Egitto, la condanna dei Fratelli Musulmani

La campagna delle prossime elezioni presidenziali in Egitto inizia con una sentenza-shock: 528 condanne a morte. I condannati sono tutti appartenenti al movimento dei Fratelli Musulmani. La condanna riguarda i gravi disordini dello scorso agosto, quando i militanti del partito e movimento islamico legato all’appena deposto presidente Mohammed Morsi, lanciarono una vera contro-rivoluzione, reagendo con ira funesta ai moti di giugno, che si erano conclusi con la loro cacciata dal potere. Fallito il tentativo, privo di ogni realistica speranza, di riconquistare il vertice o per lo meno di ritagliarsi uno spazio nel nuovo assetto governativo, i Fratelli Musulmani si erano abbandonati ad ogni tipo di violenza e minaccia, soprattutto contro i cristiani d’Egitto, collettivamente accusati di essere i grandi tessitori del complotto contro Morsi. Chiese, negozi, auto e altre proprietà vennero dati alle fiamme in gran numero, mentre i siti internet della Fratellanza negavano ogni responsabilità proprio quando incitavano la folla a continuare l’opera di “giustizia” contro i nemici religiosi, con la tipica doppiezza degli estremisti islamici.

La popolazione egiziana, stanca del caos creato dalla breve amministrazione Morsi (2012-2013) e atterrita dalla reazione violenta della Fratellanza, ha iniziato a individuare nel generale Al Sisi il proprio nuovo “uomo forte”, l’unico in grado di riportare l’ordine in patria. La Fratellanza, invece, ha iniziato a subire un colpo dietro l’altro da parte del nuovo governo provvisorio. Prima è stata bandita la sua Organizzazione Non Governativa. Poi è stato vietato il partito politico.
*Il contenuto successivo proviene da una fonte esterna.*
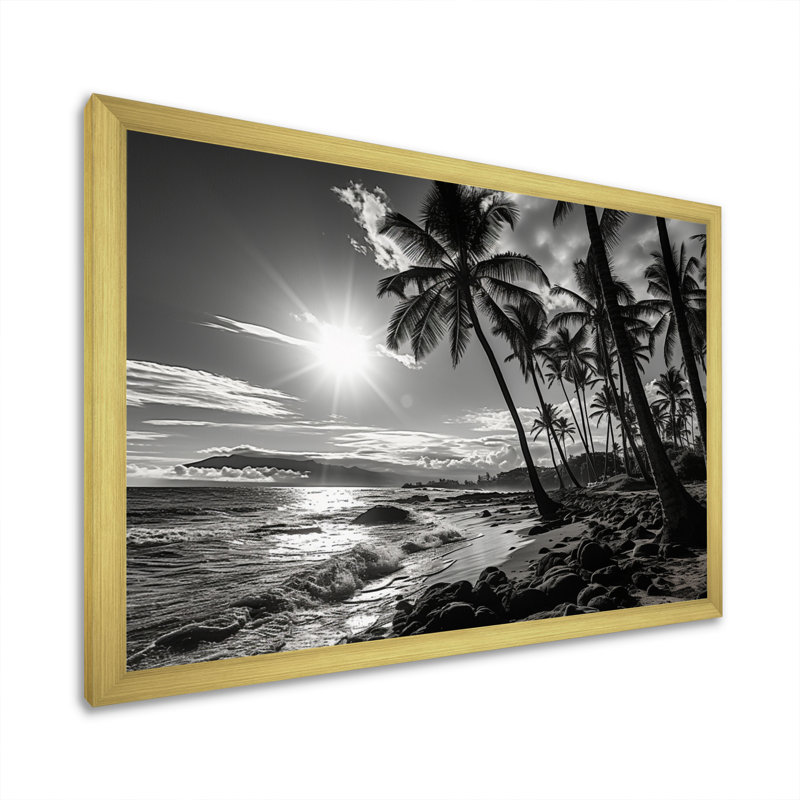 Hawaï noir et ombres blanches d'Aloha II - décoration murale Hawaï, H 34 po x l 44 po x P 1,5 po
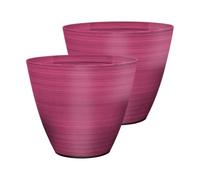 SG Traders Plastic Plant Pots Flower Pot with Drainage Holes, Garden Planters for Outdoor, Plant Containers for Home, Stylish Glossy Design Garden Flower Pot, Set of 2, 25cm,30cm Outdoor Planter Pots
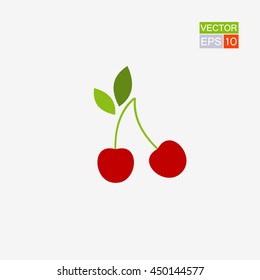 Cherry with leaves on white background. Vector illustration.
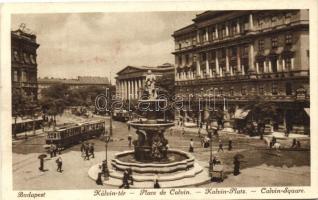 Budapest VIII. Kálvin-tér, szökőkút, villamos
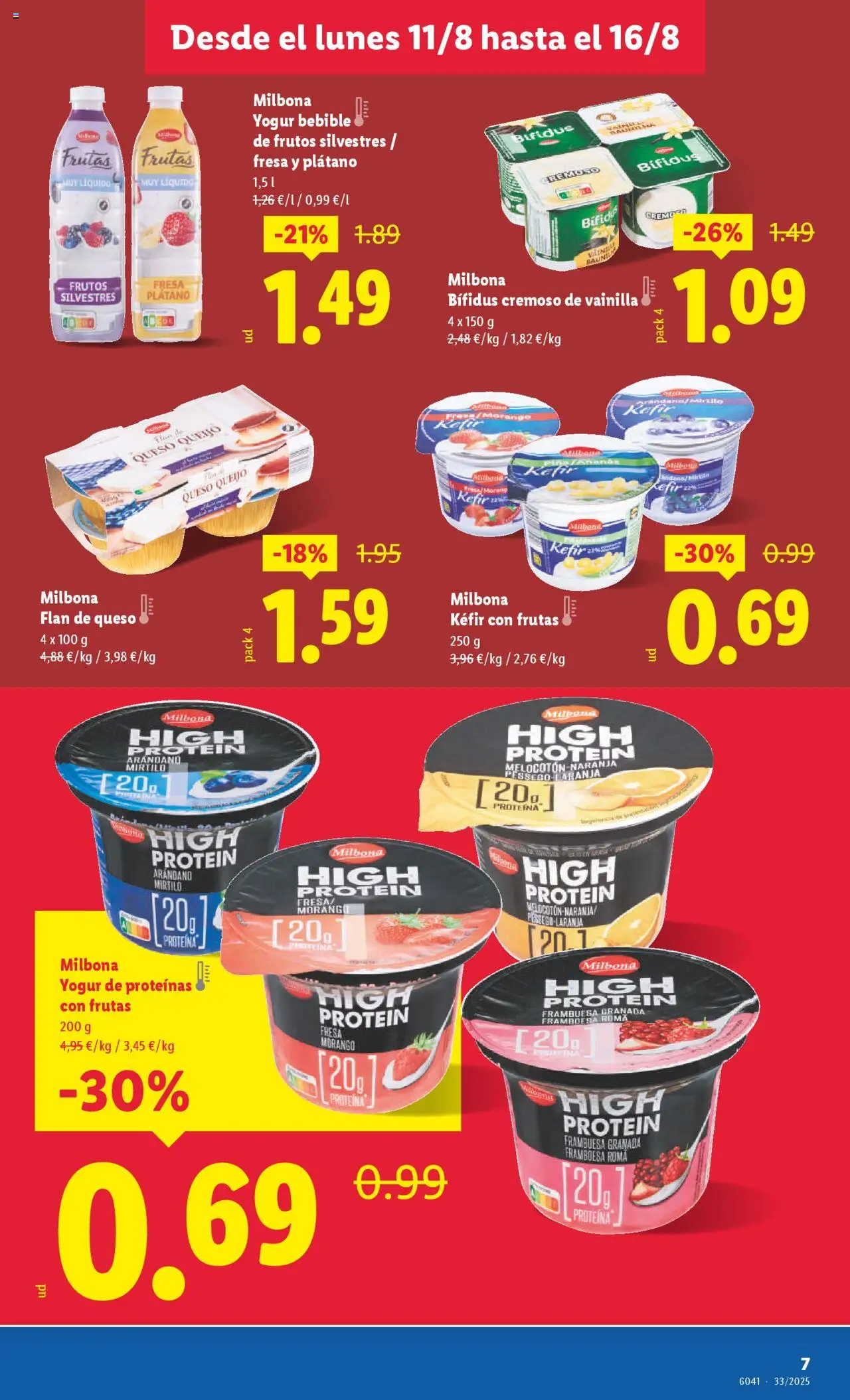 Lidl folleto │ válido desde el 11.08.2025 | Página: 7 | Productos: Queso, Yogur, Yogur bebible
Recentemente è stata revocata la cittadinanza a quei palestinesi che aderiscono a Hamas, movimento islamico armato strettamente legato alla Fratellanza. E, contestualmente, l’esercito egiziano, oltre a chiudere il valico di Rafah (il confine con Gaza, città governata da Hamas), ha anche distrutto quasi tutti i tunnel che collegavano clandestinamente Gaza con l’Egitto. Oltre i confini, i Fratelli Musulmani sono stati banditi ufficialmente anche in Arabia Saudita, dopo decenni di sostegno più o meno ufficiale. Esclusi completamente dai lavori della Commissione dei 50, l’assemblea costituente egiziana, gli islamisti non hanno potuto avere voce in capitolo sulla nuova legge suprema. Che, infatti, risulta essere una delle più laiche e tolleranti dell’intero mondo arabo-musulmano.

La condanna a morte di massa dei 528 militanti islamisti, dunque, giunge come ultima stazione di una vera e propria via dolorosa percorsa dalla Fratellanza. Tutto ancora da verificare, ovviamente, se si tratta di condanne esecutive (devono essere ancora controfirmate dal Gran Muftì del Cairo), o se saranno commutate in periodi detentivi. Sono, in ogni caso, il simbolo di una sconfitta strategica. E gli effetti sono già lì da vedere. Dei Salafiti non si parla più: erano i più integralisti degli integralisti, il loro partito (Al Nour) è tuttora legale e fa parte del nuovo governo, ma non fa più parlare di sé con proposte di islamizzazione radicale della legge egiziana. In Tunisia, dove i Fratelli Musulmani sono tuttora al governo, la nuova costituzione è ispirata soprattutto a valori secolari. Per lo meno: molto più di quanto non ci si attendesse. Hamas, a Gaza, sta attraversando una crisi che potrebbe porre fine al suo lungo e duro regime: tagliati gli aiuti dalla Siria (per ovvie ragioni) e alienata la simpatia dell’Egitto, resta veramente un’isola di integralismo islamico circondata da nemici.

Paradossalmente, in questa situazione, ci perdono gli Stati Uniti, poiché l’amministrazione Obama (e la seconda amministrazione Bush negli anni che l’hanno preceduto) aveva puntato incredibilmente sul cavallo della Fratellanza, anti-occidentale e anti-cristiana da sempre, ritenendola la vera espressione del volere popolare. Così facendo, non solo non ha riconosciuto la genuinità dei moti di giugno, alienandosi la simpatia degli egiziani, ma tuttora continua a invitare il Cairo a riammettere i Fratelli Musulmani nel gioco democratico. Anche il 21 marzo scorso, Marie Harf, portavoce del Dipartimento di Stato, ha ammesso l’esistenza di contatti fra Washington e la Fratellanza. Poiché “tutti i partiti hanno bisogno di essere parte del futuro egiziano”. Tutti, compresi quelli che hanno cercato di instaurare una dittatura e sono stati cacciati a furor di popolo.